Segment Start: Dataset content

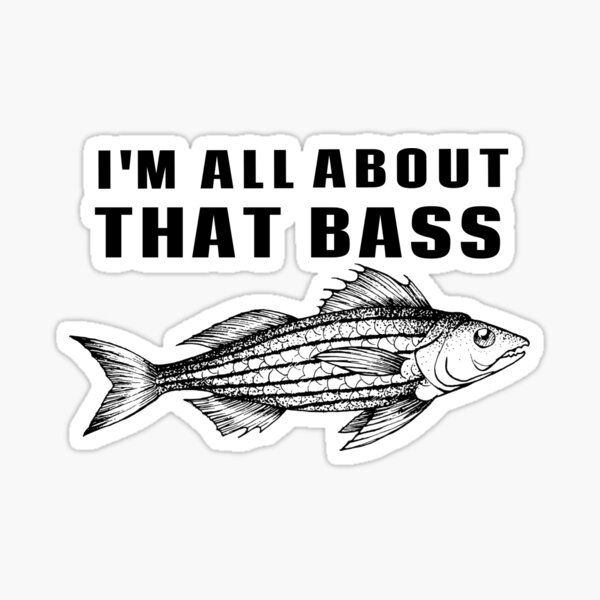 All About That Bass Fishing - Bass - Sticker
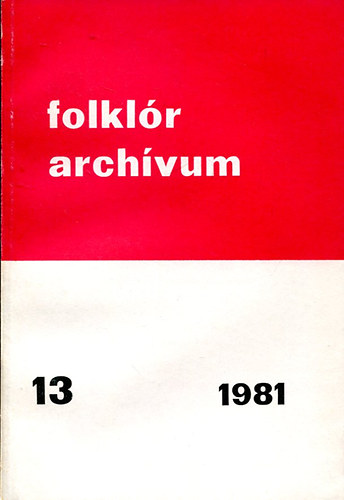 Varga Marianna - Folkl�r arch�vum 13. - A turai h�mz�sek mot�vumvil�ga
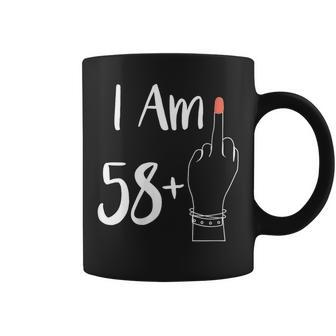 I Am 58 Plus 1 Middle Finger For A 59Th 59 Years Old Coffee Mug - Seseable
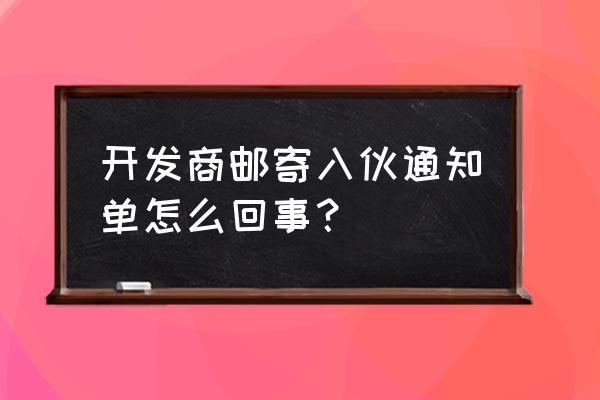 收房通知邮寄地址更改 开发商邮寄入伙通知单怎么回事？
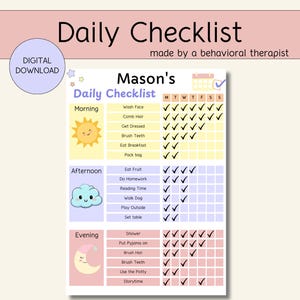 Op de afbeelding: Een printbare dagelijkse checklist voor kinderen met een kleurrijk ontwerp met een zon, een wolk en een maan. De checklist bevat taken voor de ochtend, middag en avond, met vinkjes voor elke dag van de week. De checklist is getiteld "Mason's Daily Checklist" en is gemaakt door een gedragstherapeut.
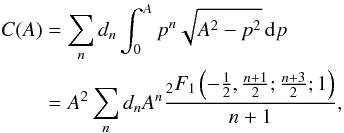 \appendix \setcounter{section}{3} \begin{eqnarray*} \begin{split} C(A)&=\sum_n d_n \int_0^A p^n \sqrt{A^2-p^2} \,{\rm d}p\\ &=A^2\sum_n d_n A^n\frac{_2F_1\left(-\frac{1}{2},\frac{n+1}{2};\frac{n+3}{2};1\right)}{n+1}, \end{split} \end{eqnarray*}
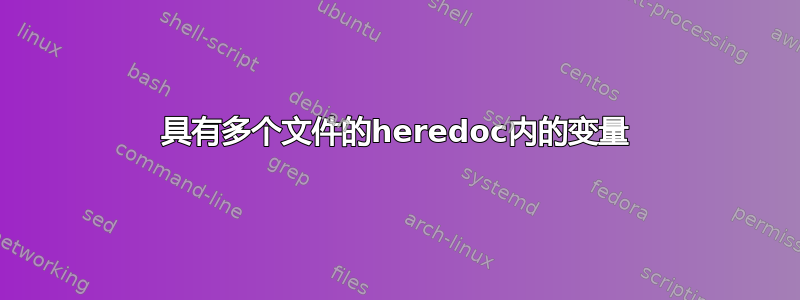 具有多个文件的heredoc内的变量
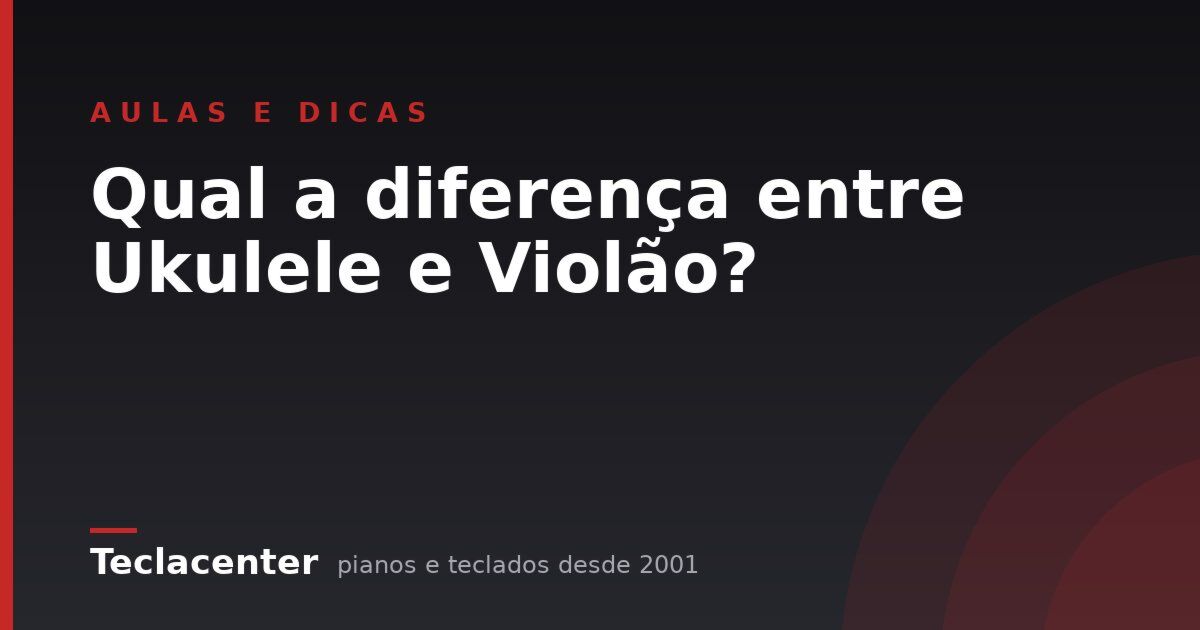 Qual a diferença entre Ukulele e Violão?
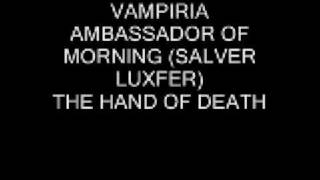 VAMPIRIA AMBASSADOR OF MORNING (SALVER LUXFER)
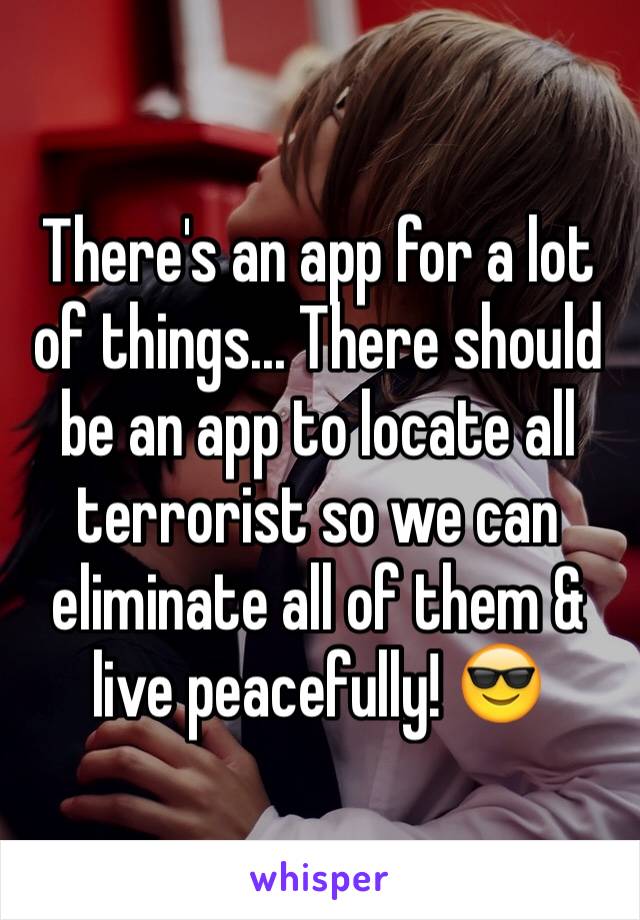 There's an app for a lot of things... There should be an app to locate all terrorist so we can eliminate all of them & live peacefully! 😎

Segment End: Dataset content

**Problem**. Skip every picture, and restate word for word only the lines above from the line containing "Varga Marianna - Folkl�r" to the line containing "收房通知邮寄地址更改 开发商邮寄入伙通知单怎么回事？", both of them included.

**Task answer**.
 Varga Marianna - Folkl�r arch�vum 13. - A turai h�mz�sek mot�vumvil�ga
 I Am 58 Plus 1 Middle Finger For A 59Th 59 Years Old Coffee Mug - Seseable
 收房通知邮寄地址更改 开发商邮寄入伙通知单怎么回事？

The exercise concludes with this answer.